Thantara Sriserm, une étudiante de 23 ans, ne cache pas sa crainte de voir les manifestations réprimées dans la violence comme en 1976. Mais elle estime cependant que "cela est moins probable car de nos jours nous avons des smartphones qui nous permettent de filmer et partager des choses rapidement".
L’establishment au pouvoir, formé d’élites gravitant autour de l’armée et du palais et ancré solidement sur la bureaucratie, a été débarrassé ces derniers mois, par le truchement de la justice, de deux partis d’opposition gênants dont le parti Anakot Mai qui rassemblait une majorité de jeunes votants. Mais la dissolution de ce dernier en février dernier a déclenché la colère d’une grande partie de la jeunesse thaïlandaise, et le pouvoir se retrouve aujourd’hui face à un mouvement anti-gouvernemental étudiant très courageux et déterminé.
Jusqu’ici, les manifestations ont été pacifiques.
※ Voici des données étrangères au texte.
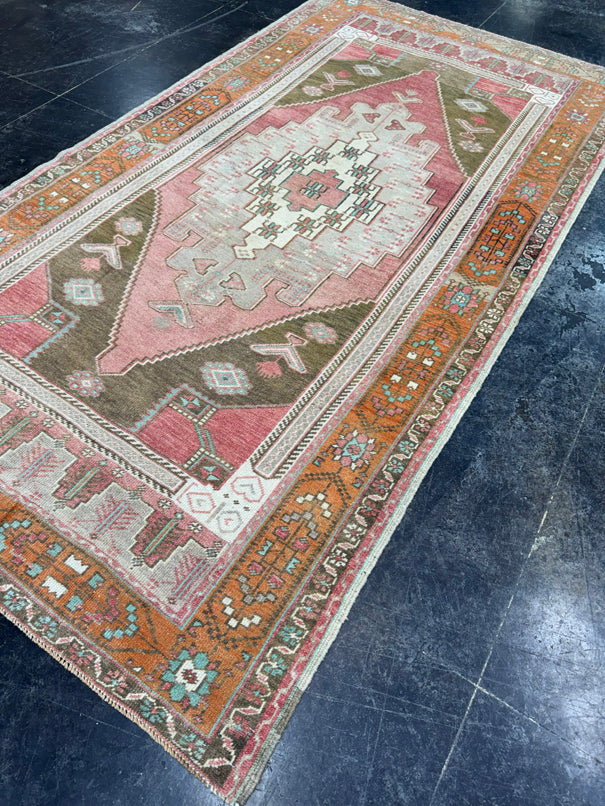 Turkish Vintage Rug 4'6'' x 8'7'' #24874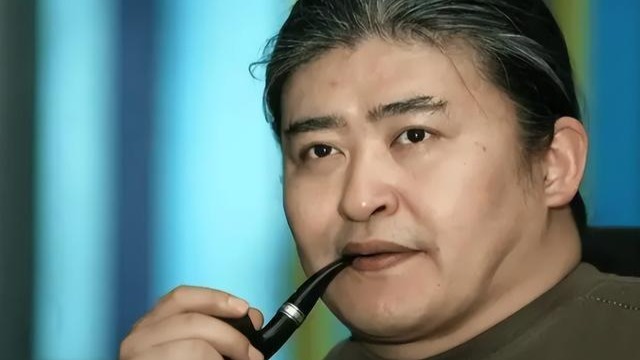 刘欢近况堪忧：嗜酒如命，确诊“不死癌症”，年仅60已腿脚不利索封面图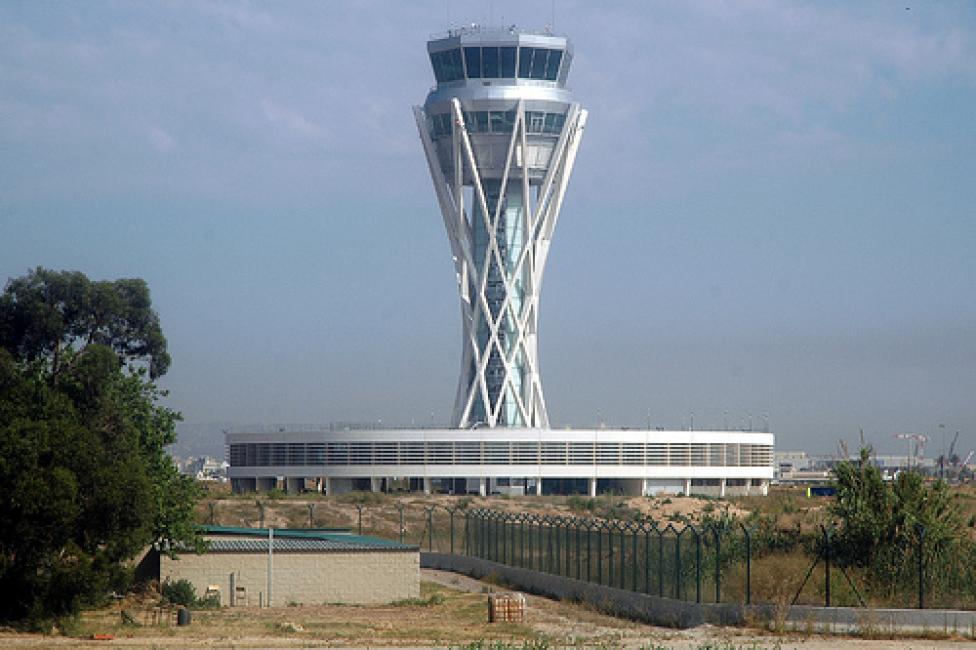 Wieża kontroli ruchu lotniczego Międzynarodowego Portu Lotniczego w Barcelonie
La prochaine grande manifestation est prévue pour le 14 octobre qui marquera le 47e anniversaire du soulèvement étudiant de 1973.
Les manifestants demandent la destitution du Premier ministre Prayuth Chan-O-Cha, dictateur militaire de 2014 à 2019 reconduit à la tête du gouvernement l’an dernier à la faveur d’élections controversées mais que lui considère justes.
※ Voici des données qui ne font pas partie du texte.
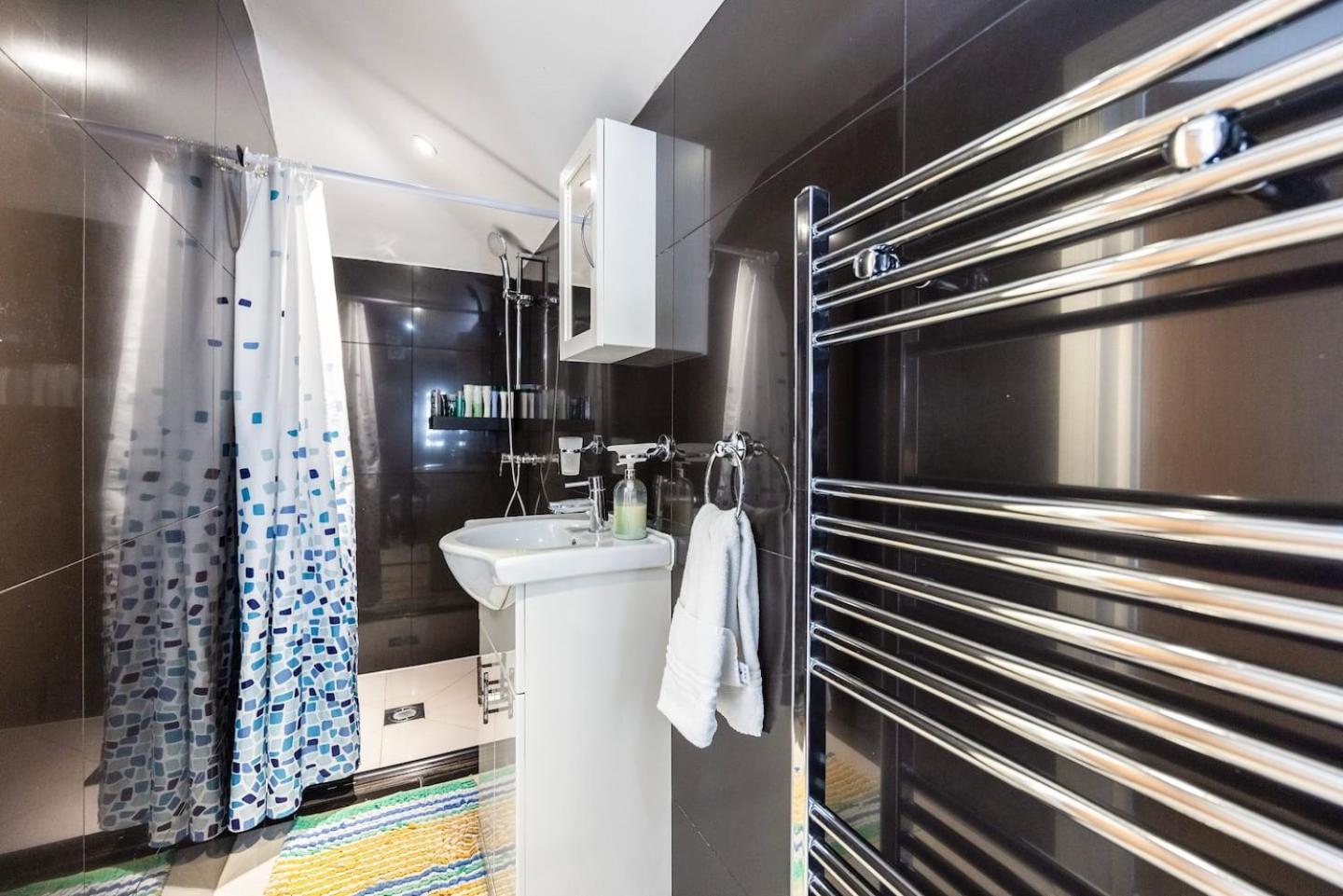 Appartement Three Bedroom 3 Bathroom In Kensington Londen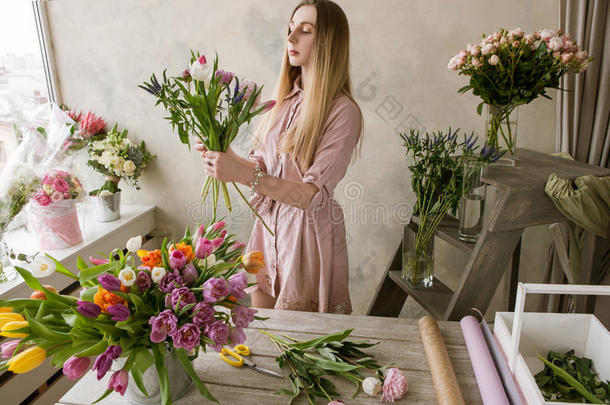 专业的花商室内装饰师采用花商店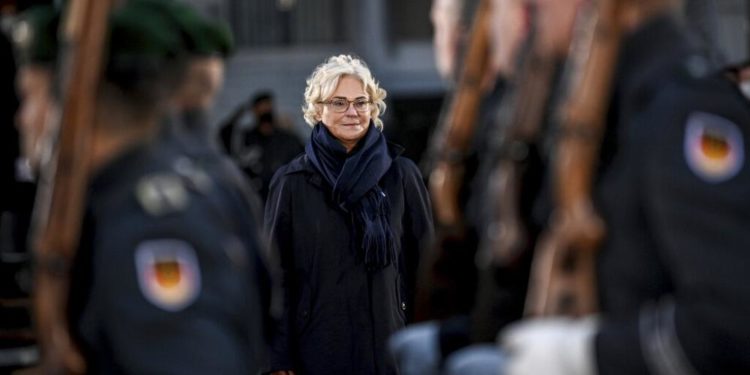 Almanya Savunma Bakanı Lambrecht: Şimdilik Ukrayna’ya silah sevkiyatı yapmayacağız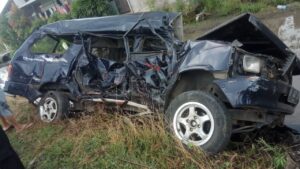 Mobil Tertabrak Kereta Api, Hingga Ringsek Beruntung Penumpang Selamat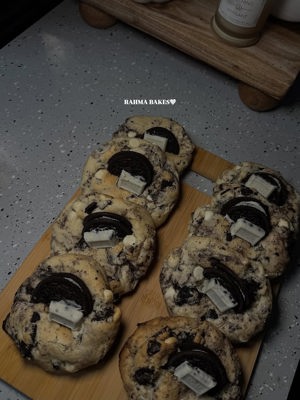 Cookies n' cream cookies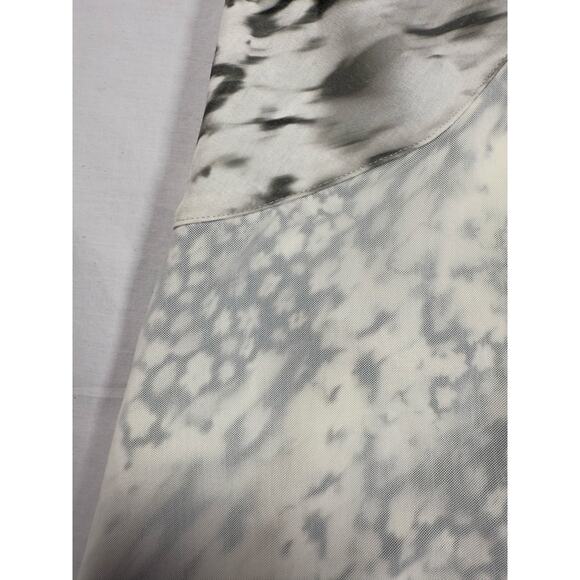 Lululemon Mesh Overlay High-Neck Dress Size 8 Gray Off White - Picture 11 of 15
Le mois dernier, des dizaines de milliers de manifestants rassemblés à l'extérieur de l'Université Thammasat avaient acclamé un appel à des réformes destinées à réduire les pouvoirs de la monarchie, brisant ainsi un vieux tabou selon lequel les Thaïlandais s’interdisaient d’évoquer la monarchie en public et encore plus d’en questionner le statut.
Le porte-parole du gouvernement, Anucha Burapachaisri, a indiqué que les cérémonies commémoratives du 6 octobre ayant lieu chaque année, le gouvernement n'avait aucune objection à ce que l'événement se déroule cette année aussi.
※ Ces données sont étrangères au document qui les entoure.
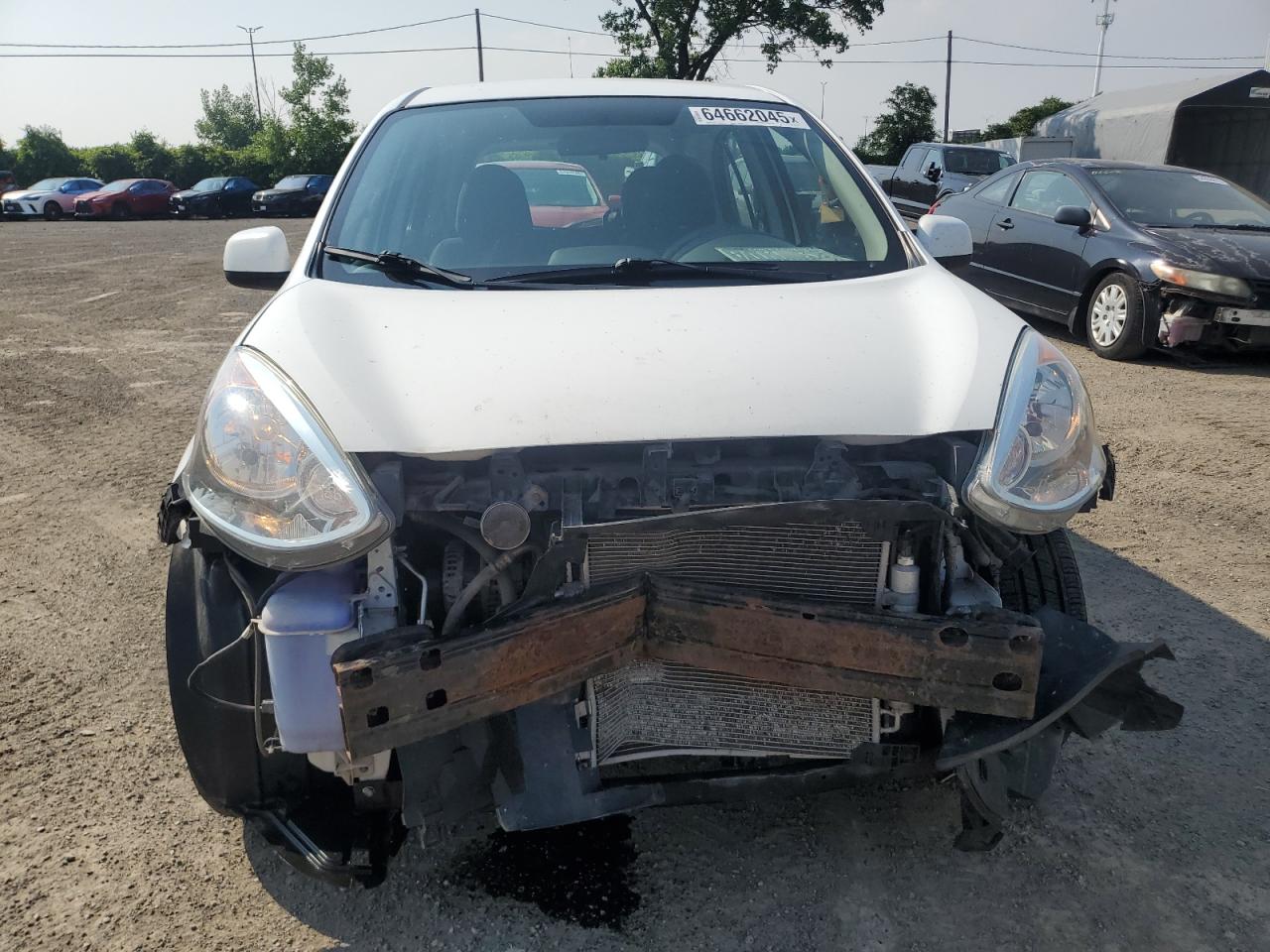 2016 Nissan Micra    White vin: 3N1CK3CP7GL246898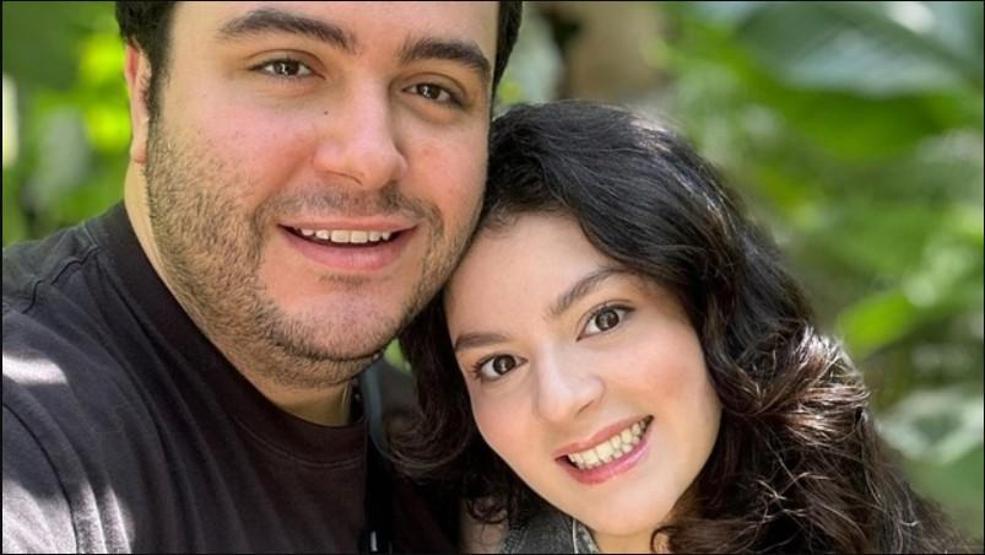 Lise aşkıyla evlenmişti... Ünlü oyuncu kız babası oluyor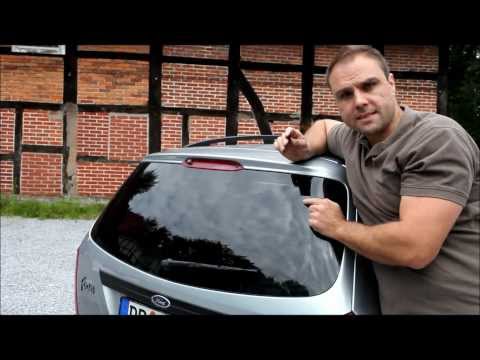 Autotönungsfolie in Form bringen und verkleben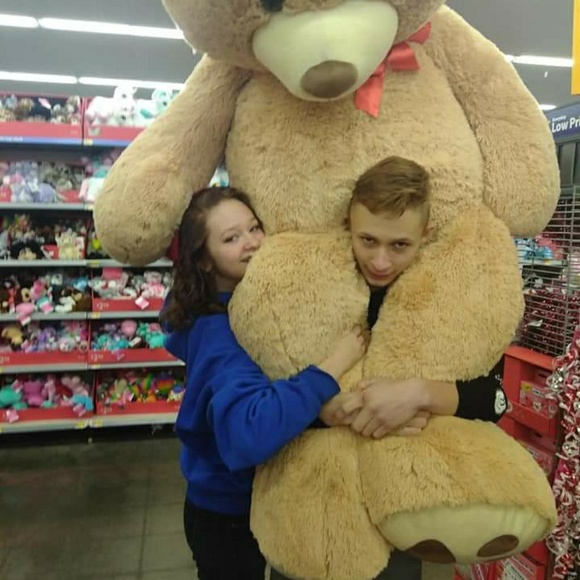 Kevin Hinish - Poshmark Profile Picture of Kevin Hinish (@kevinhinish1234) on Poshmark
Utilisé plus de 410.000 fois, le mot-dièse #6octobre en thaï figurait parmi les plus tendances sur Twitter en Thaïlande, mardi.
Une exposition retraçant le massacre de 1976 a été inaugurée lundi dans les locaux de l'université.
"J'espère que l'incitation à la haine au nom de l'amour pour la nation, la religion et la monarchie, comme on l'a vu lors des événements du 6 octobre, ne se reproduira plus", a déclaré le député de l'opposition Rangsiman Rome, lui-même ancien militant étudiant.
La Thaïlande est devenue une monarchie constitutionnelle lorsque la monarchie absolue a pris fin en 1932. L'armée thaïlandaise s'est emparée du pouvoir 13 fois depuis lors et a mené à plusieurs reprises des mesures de répression sanglantes contre les manifestants.